When Brian and Gina Schroeder were told their 13-month-old son, Brendan, had autism, he was the youngest child in Arizona to receive the diagnosis.
The North Phoenix couple went “full force” after that, Gina said. Their son had 40 hours of in-home therapy a week.
“The simplest things took him four months to learn, like waving or clapping,” she said. “Following directions was really hard for him. At the time, he had the severe diagnosis. As a parent, you don’t know what the outcome is.
“We looked up a lot of stories, and we didn’t hear a lot of success stories.”
Until he was 4, Brendan was nonverbal, using an iPad to help him communicate. After he took up dance, things changed. He connected more with the world, Gina said. The 8 1/2-year-old boy and his family recently made their national TV debut on “Disney’s Fam Jam” in late November on the Disney Channel.
“Fam Jam” is a dance contest during which two families compete for a $10,000 cash prize. Dancing in the show were Gina; Brendan’s older sister, 13-year-old Haley; Brendan and the children’s grandfather, Ed Bonner. The family took second place, earning $2,500.
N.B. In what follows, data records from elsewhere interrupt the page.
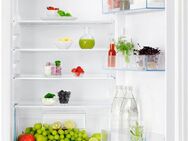 AEG Einbaukühlschrank Serie 5000 TSK5O88EF, 87,3 cm hoch, 55,6 cm breit, 118 L, variable Glasablagen,Türalam, LED-Beleuchtung, Touch, Festtür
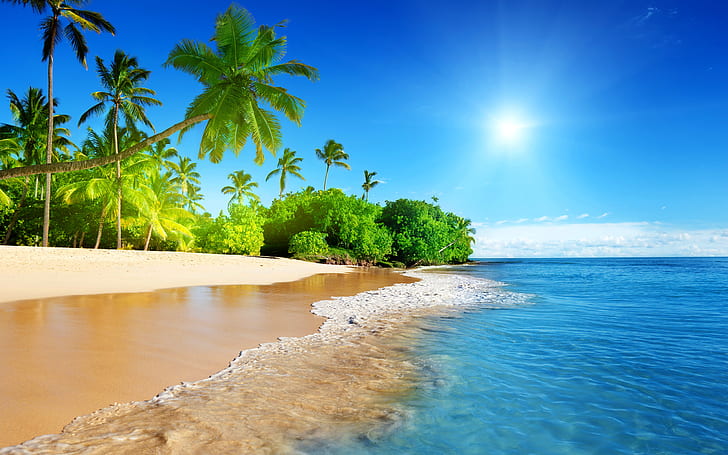 Tropical Palm Tree Beach Ocean Sunlight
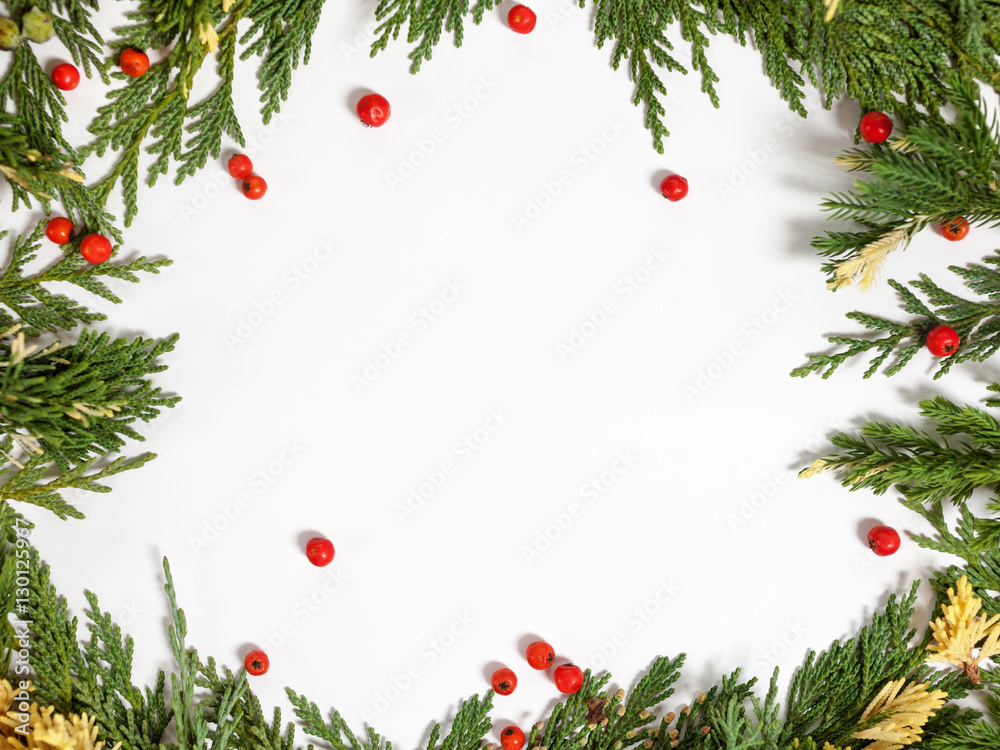 Christmas background border with evergreen fir tree and berries Christmas background border with evergreen fir tree and berries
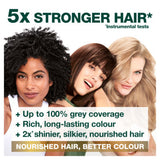 Garnier Nutrisse 5 Brown Permanent Hair Dye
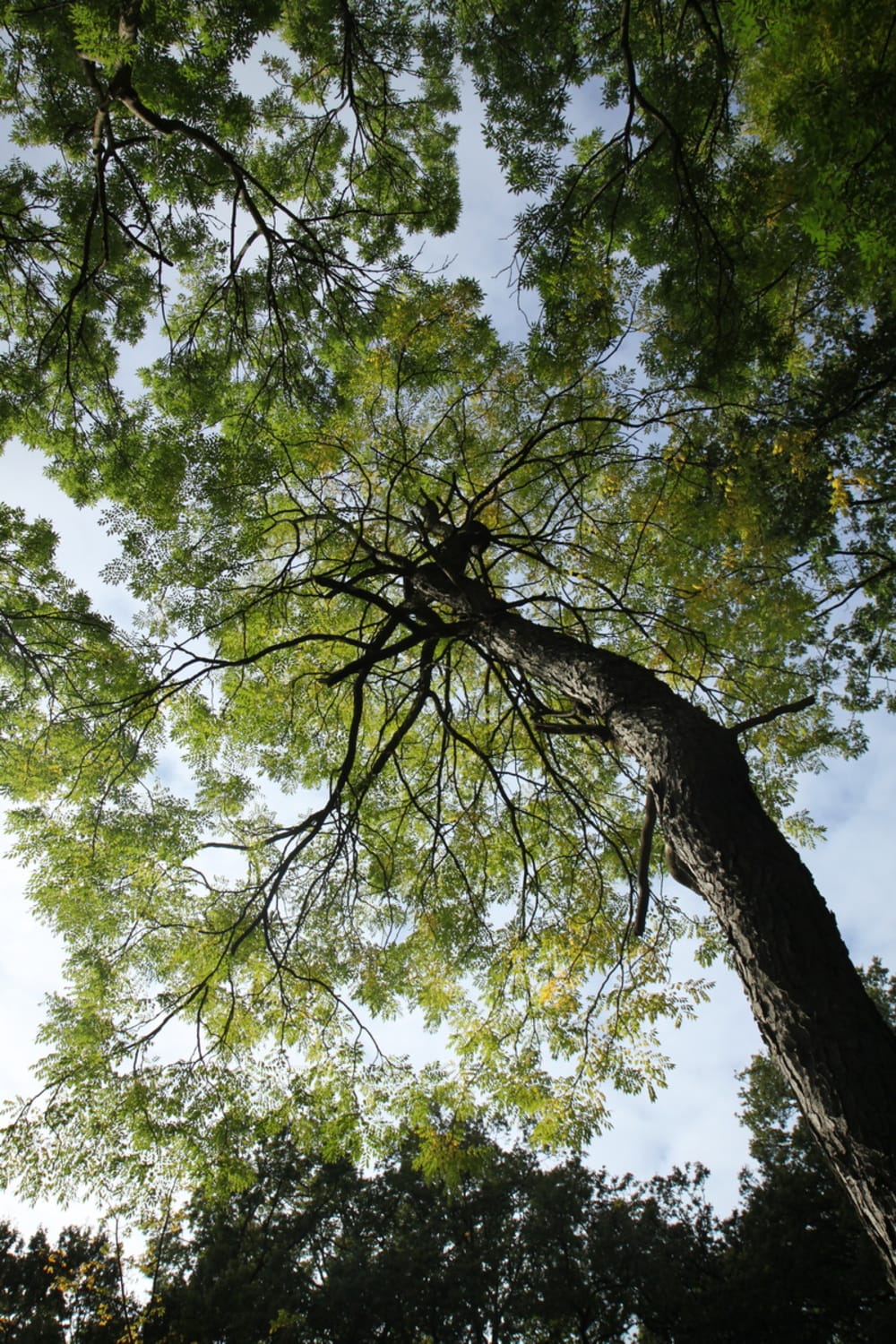 Gymnocladus dioicus - kentuckykaffeträd Gymnocladus dioicus - kentuckykaffeträd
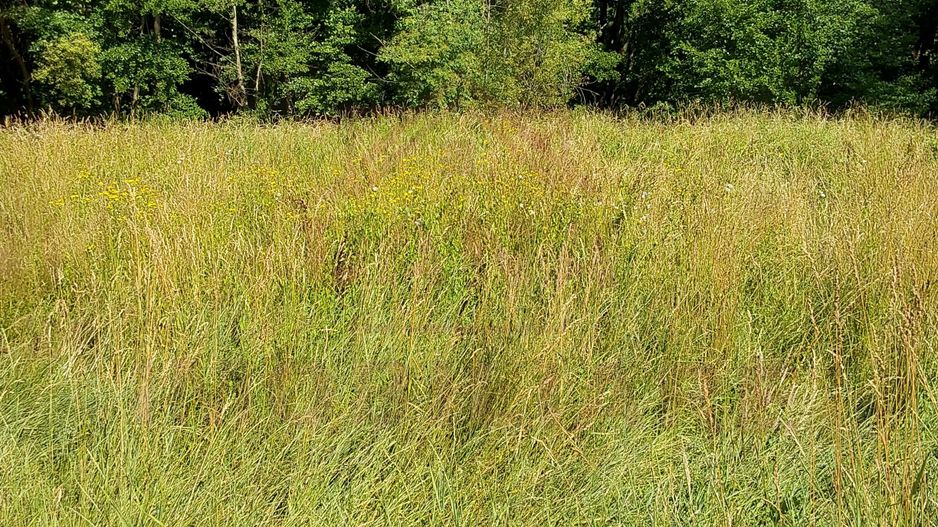 TEREN INTRAVILAN ÎN MARGA-LA DN68 JUD.CARAȘ-SEVERIN - Poză 8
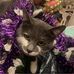 Judi Bailey - Facebook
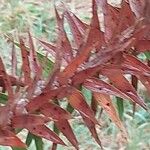 Araucaria angustifolia Foglia
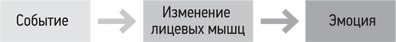 Психология. Люди, концепции, эксперименты Психология. Люди, концепции, эксперименты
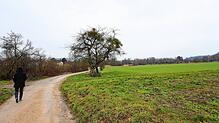 Oberhalb von Wollmatingen gibt es jetzt noch Wiesen und Felder. Hier soll mal der Hafner entstehen.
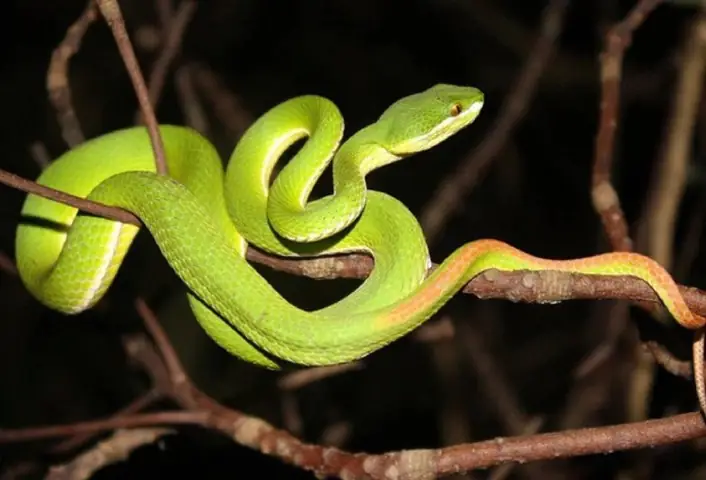 Mơ Thấy Rắn Lục Cắn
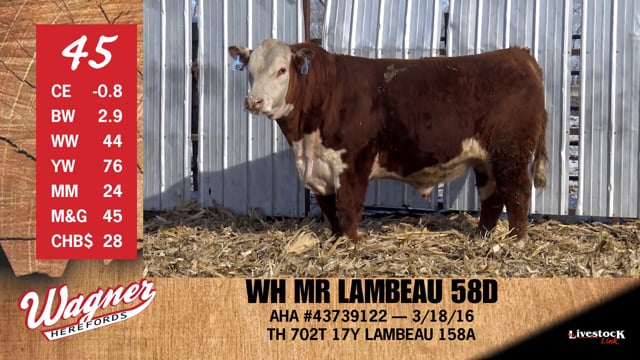 Lot #45 - WH MR LAMEAU 58D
“For us, we won by getting there and getting to share the experience, for sure,” she said.
Gina said the family landed the spot after casting directors found Brendan on Instagram. They sent a message via the social media outlet and asked if anybody else in the family danced.
“I told them his sister danced,” she recalled. “The next thing we knew, we auditioned for the show. It was a really long process. We filmed the end of January. We didn’t know we made it on the show until two weeks before we were heading there.”
Gina heard “Fam Jam” wanted to feature Brendan’s autism and what dancing did for him.
“It opened up a whole new world for him,” she said. “It made all of his therapies just kind of come together. Dance brings him so much joy. It was a super awesome experience. We got my stepdad—their grandpa—to do it with them. My husband has two left feet. He wasn’t going to do any of that. They had more confidence in grandpa.
“That was a once-in-a-lifetime opportunity. We hope there’s more of it. He does some acting and has auditioned for that. He was really upset and crying when we left. He wanted to keep doing this and wanted to be on TV.”
Haley is Brendan’s biggest fan.
“She’s everything to him,” Gina said. “If the therapist couldn’t do something, they’d ask her.”
Becoming a dancer
Amber Wittmers, owner of Adaptive Force Performing Arts in Scottsdale, said Brendan loved visiting the dance studio a few times a week when Haley attended her classes.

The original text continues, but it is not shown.